Christine Norris is the author of several works for children and adults, including the Library of Athena series and the Zandria duology. When she’s not out saving the world one story at a time, she is disguised as a mild mannered substitute teacher, mother, and wife. She cares for her family of one husband-creature, a son-animal, and two felines who function as Guardian of the Bathtub and Official Lap Warmer, respectively. She has also done several English adaptations of novels translated from other languages. She reached a new level of insanity by attending Southen Connecticut State University Graduate School’s Information and Library Science program, so that someday she, too, can be a real Librarian. She currently resides somewhere in southern New Jersey.
Her current book is a YA/Fantasy titled The Mirror of Yu-Huang.
Visit Christine on the web at www.christine-norris.com. Connect with her at Twitter at www.twitter.com/ cnorrisauthor and Facebook at http://www.facebook.com/pages/Christine-Norris/131776641000.
Find Christine at her tour page at Pump Up Your Book!
Q: Do you write on a computer or with pen/pencil and paper?
A: I used to use a paper and pen, back when I first started writing my first book, 10 years ago. I would transcribe my handwritten manuscript into our family desktop. Now I have my own laptop, and a Netbook so I can write pretty much anywhere.
Q: Do you work from an outline?
A: Sort of. I use a 9 block plot chart to help me get all the major events down, and then I go from there. I look at it kind of like a road map; I can see the cities, but not what lies along the road between. It works very well for me, keeps me from veering off track.
Q: Worst rejection you’ve ever received?
A: A form rejection on a half-sheet of paper that wasn’t even cut straight, made out to ‘Dear Author’. LOL. I can’t even remember the name of the agent who sent it, but I’m sure I have it around here somewhere; I save them all.
Q: Nicest rejection you’ve ever received?
A: That was just recently, actually. This sweetheart agent, who I really wanted to sign with, sent me a lengthy rejection on a full manuscript, detailing exactly what she liked and didn’t about the story. I used her notes to help me with rewrites. She didn’t have to go to all the trouble, and it really meant a lot to me that she did. I kept that one, for sure.
Q: What’s next for you?
A: I’ve finished a Historical Fantasy/Fairy-Tale retelling-with-bits-of-steampunk story that I’m shopping around now. And I’m working on the next Library of Athena book, which I hope to finish over the summer, and I have another Steampunk Fairy Tale in mind that I want to start working on soon. Somewhere in there I’ll sleep. Maybe.

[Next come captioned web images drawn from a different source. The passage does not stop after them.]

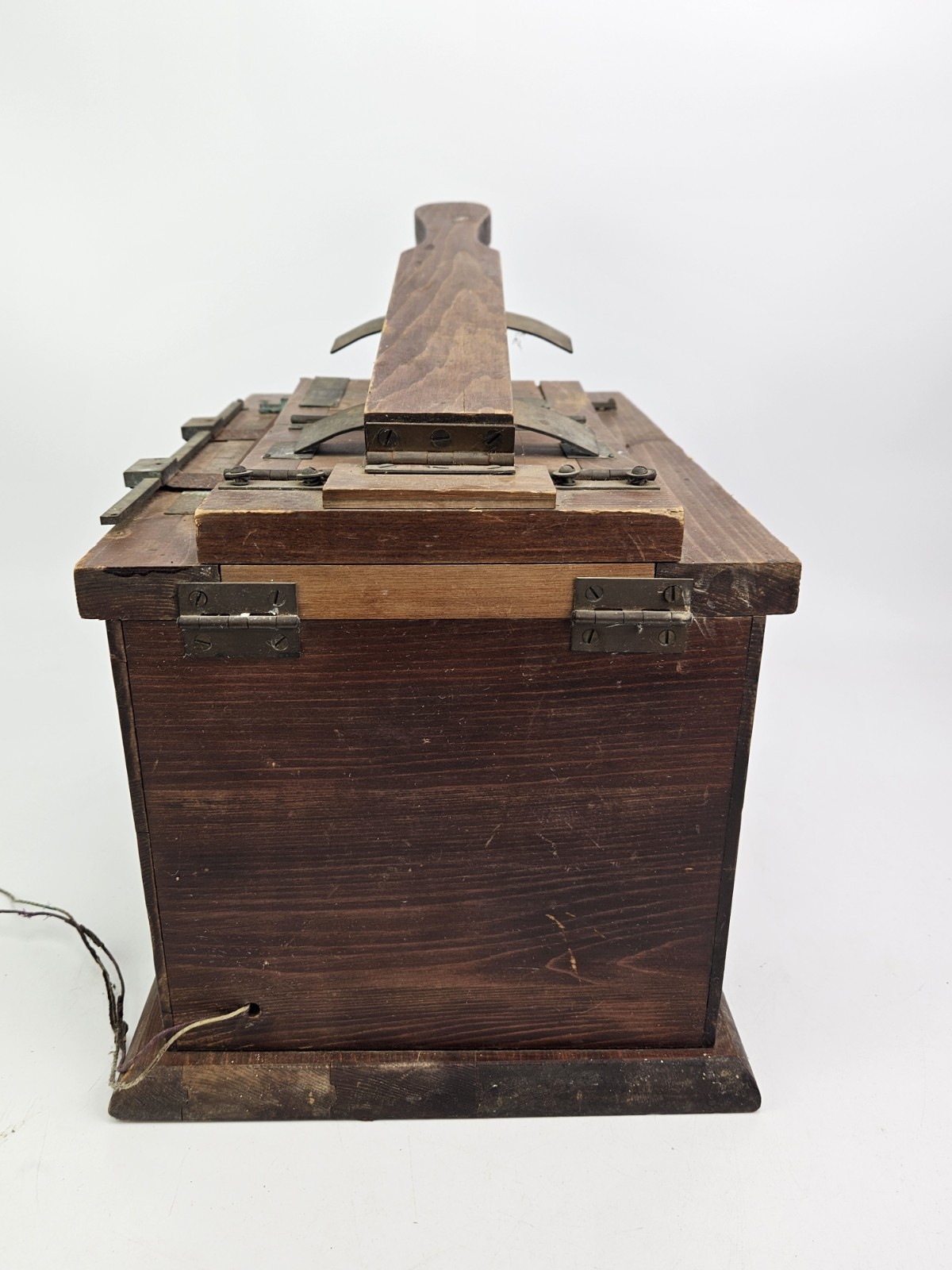 Antique Wooden Light Box For Developing Film Photo Developer Vintage Darkroom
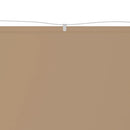 vidaXL bézs oxford-szövet függőleges napellenző 140 x 420 cm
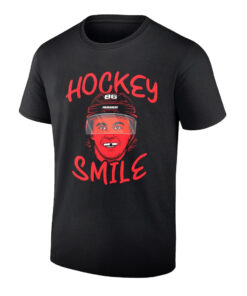 Jack Hughes Team USA Hockey Smile T-Shirt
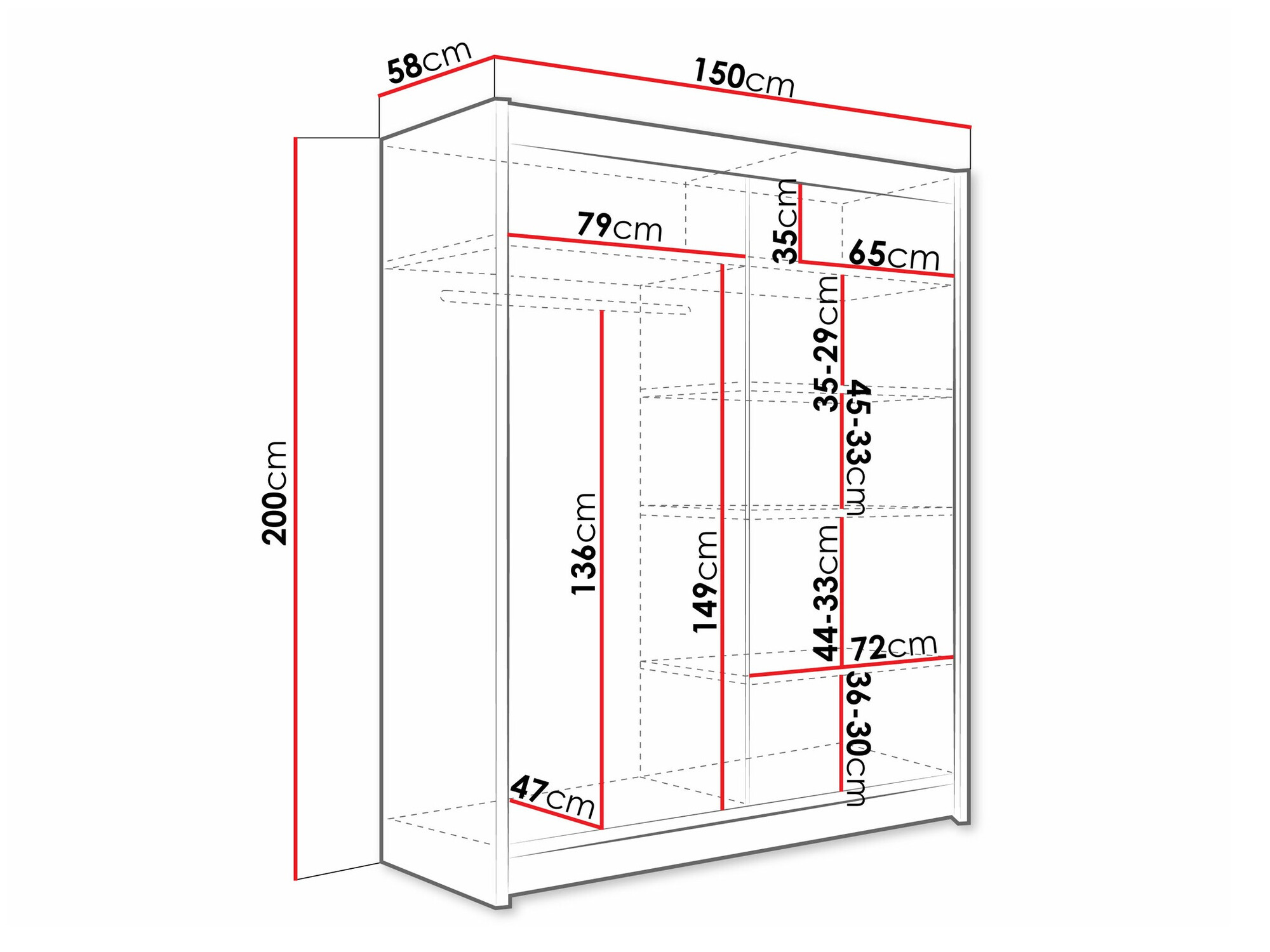 Ormar Closico 127 (Kašmir)
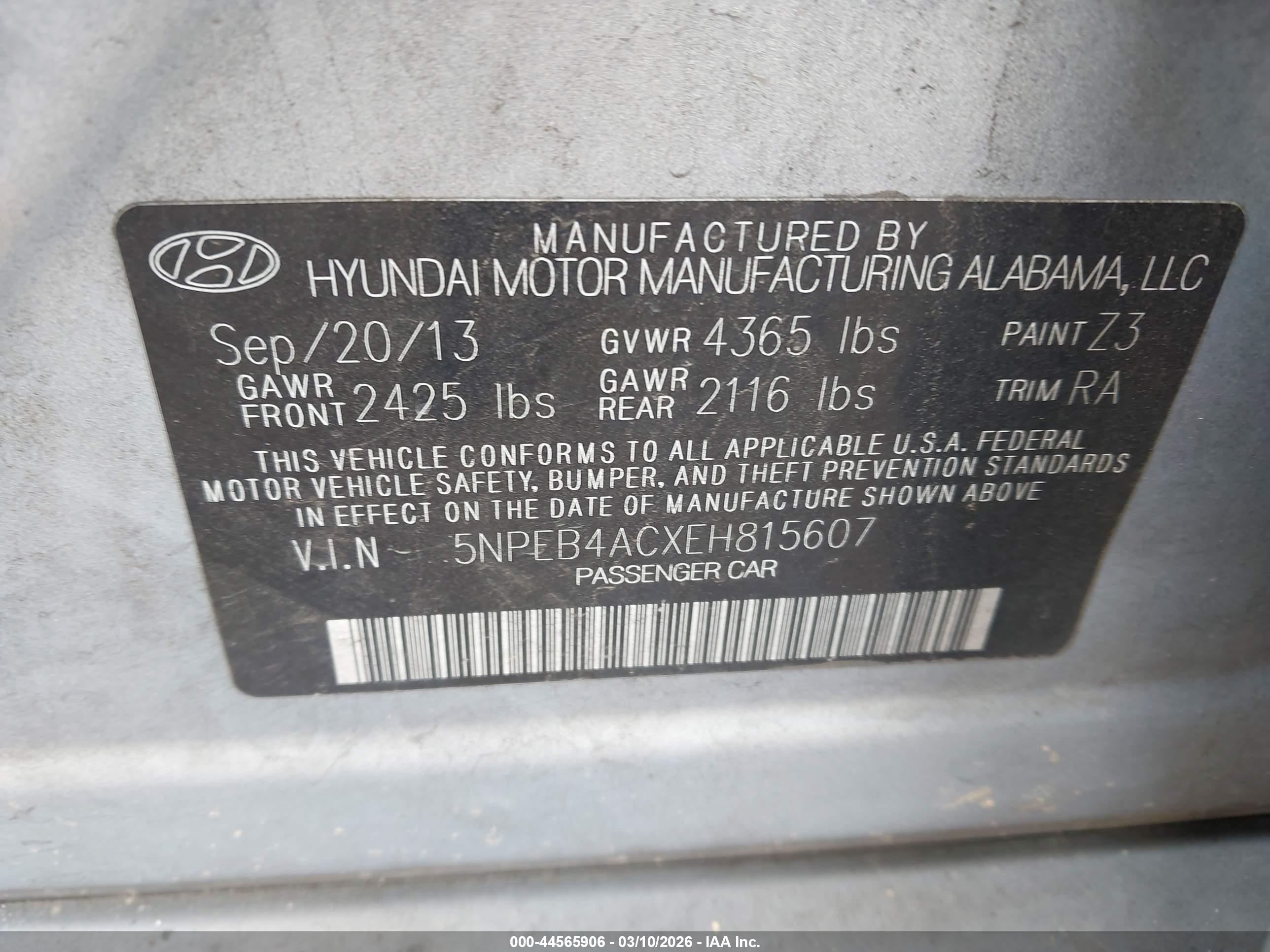 HYUNDAI SONATA image 9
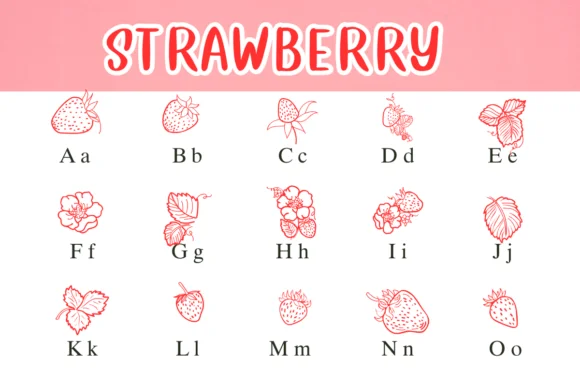 Strawberry by Nongyao — Dingbats Font — thumbnail 2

Q: Where do you write from?
A: Anywhere and everywhere. I have the Netbook that I use when I’m on the road, so to speak, and it’s handy. I’ve written in McDonalds, when my son was small, and coffee shops and sometimes I’ll go outside to my backyard gazebo and write. It’s nice.
Q: Do you have a writer’s studio? Describe it for us and what is the view you see from the window?

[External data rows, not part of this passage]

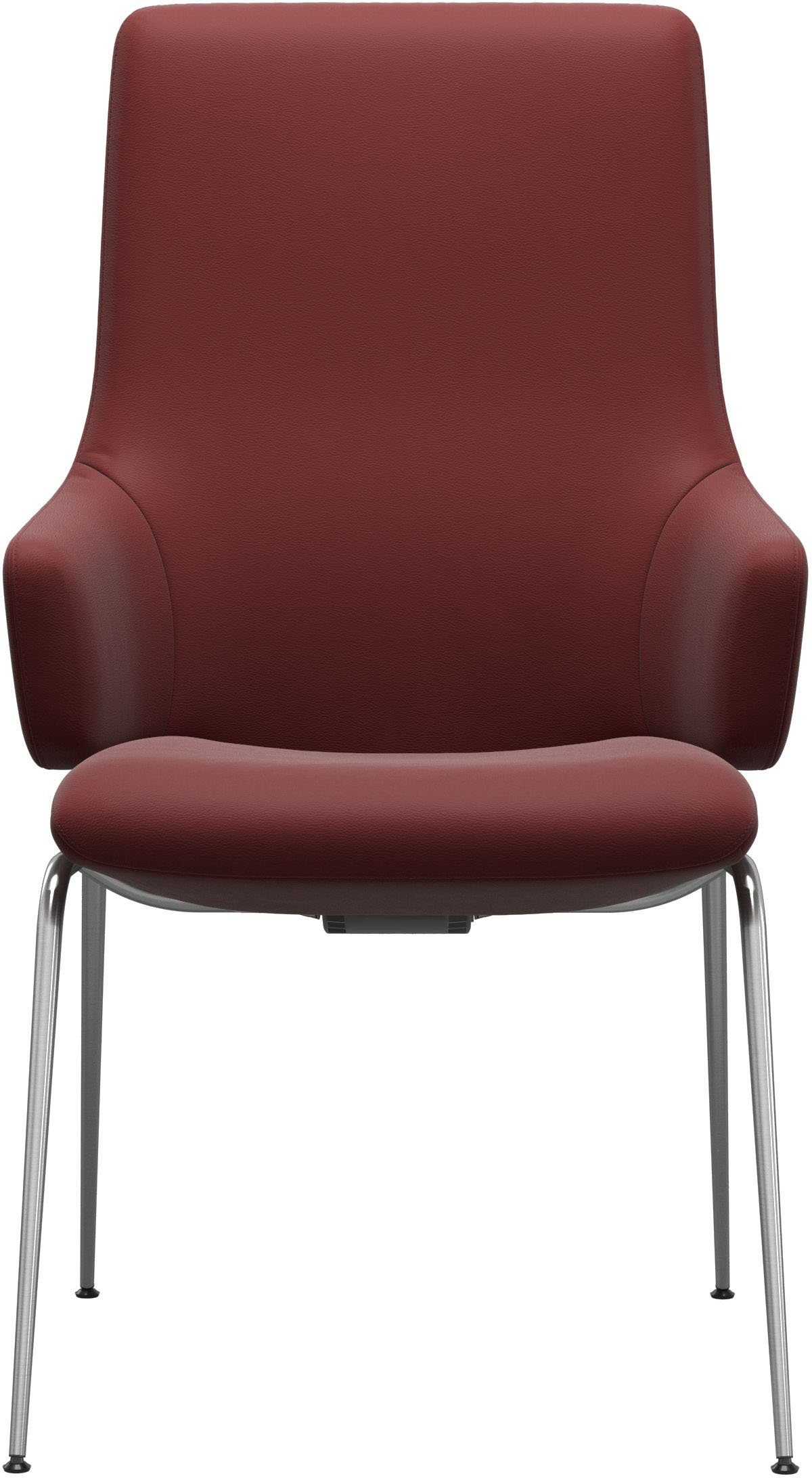 aus Größe in mit Chrom Polsterstuhl Laurel, Stahl Back High mit Stressless® L, matt Armlehne, Beinen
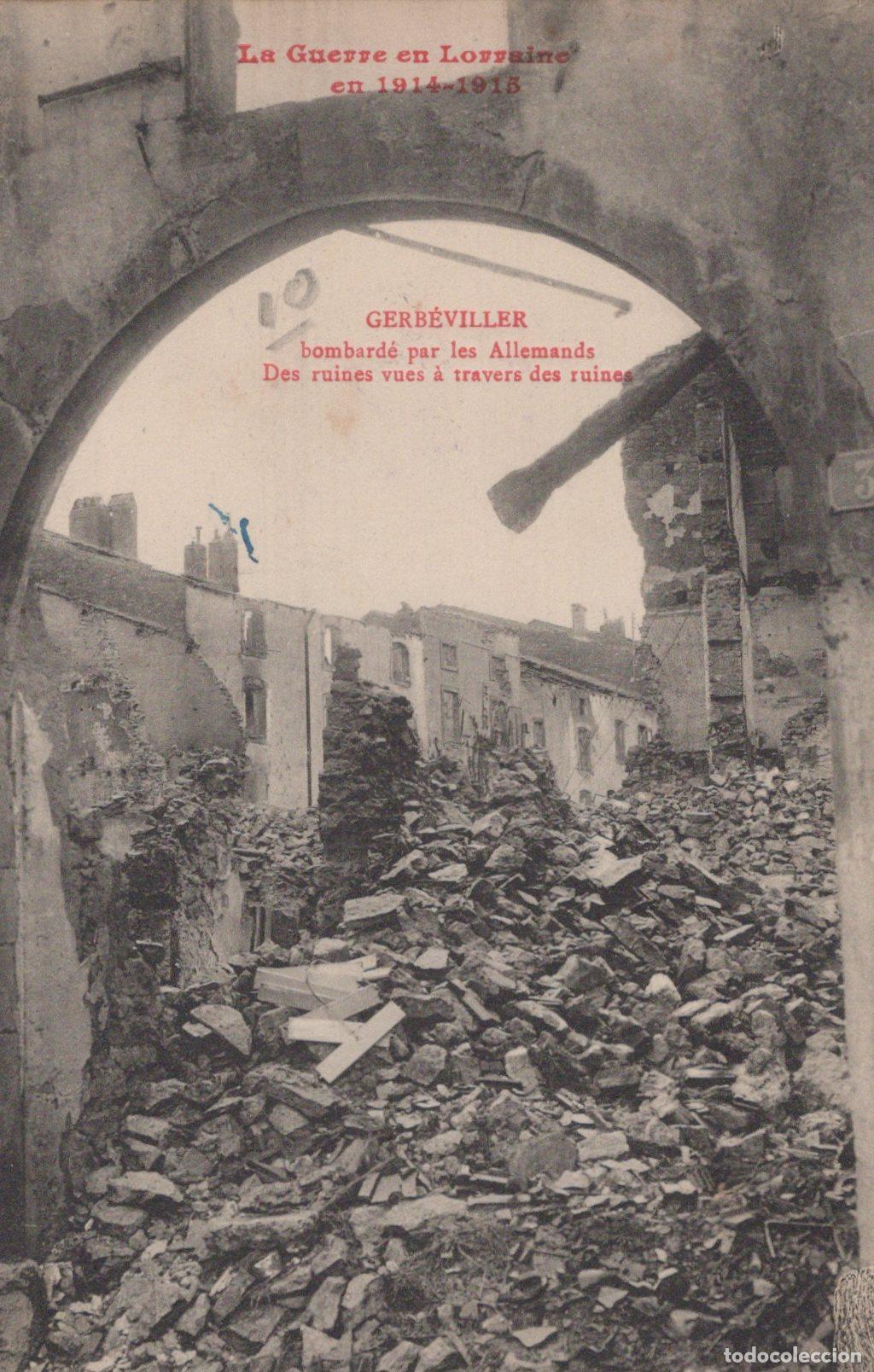 Postales: France Gerbeviller Guerre 1914 Ville Bombardee *YAC021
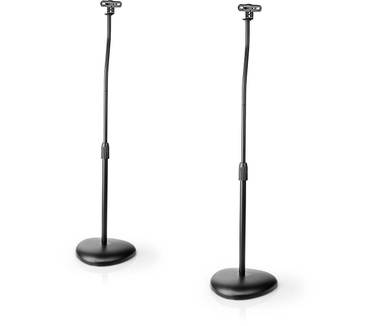 Nedis Speakerbeugel | Universeel | Standaard | 4.5 kg | Hoogte Verstelbaar | ABS / Staal | Zwart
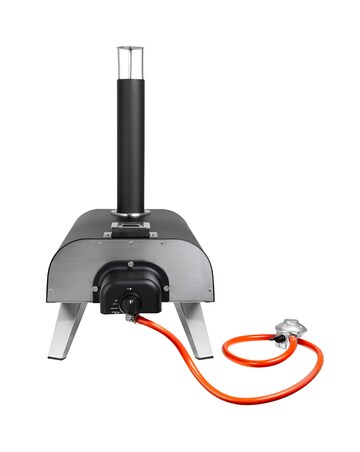 George Foreman Dual Fuel Powered Pizza Oven with Paddle & Carry Bag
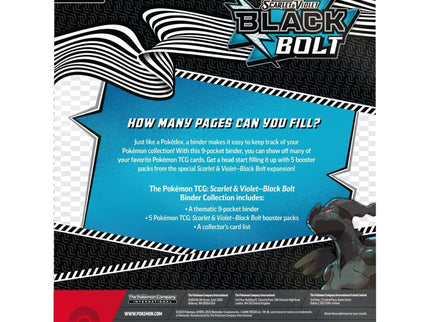Pokemon TCG Scarlet & Violet - Black Bolt Binder Collection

A: It’s funny you ask that question, because I just finished moving from the space I had in the sunroom downstairs up to the attic. There’s a great dormer space that is perfect for writing. It’s going to take some work, but I’m going to gradually move stuff around so that I can use the whole attic, put up a comfy chair to read in and a table for tea and stuff. From the window near my writing table I see my neighbor’s house and the driveway, and trees and sky. I’m up high and I really like it. My old space was nice too, because there was a tree against the window and a pair of cardinals always nests in it.
About The Mirror of Yu-Huang
Confucius never said anything about this.
Megan Montgomery, spending her second Christmas in England, was expecting peace and quiet over the holidays. Unfortunately, that’s not going to happen.
First, the headmistress of St. Agatha’s College for Girls, Megan’s school, her school has strong-armed her father into hosting a huge New Year’s ball at their home. Next, she winds up playing hostess to a Chinese ambassador, his family, and his staff. While the guests seem very pleasant, Megan is still uncomfortable. She’s been unlucky with houseguests in the past—like one of the guests died kind of unlucky. Of course, he also tried to steal one of the precious magical artifacts that are hidden in the Library of Athena, a cavernous room hidden beneath her home, so it wasn’t totally her fault. Now hundreds of people will be crawling all over the manor.
Megan tries to relax and enjoy the holidays despite her home being turned into Grand Central, but her worst fears are realized when Megan receives a mysterious Christmas gift, one that links her to the Library of Athena. Now she’s on her guard, hoping to identify the culprit and learn just how much he or she knows about the Library, before someone gets hurt, or worse, she winds up inside another enchanted book.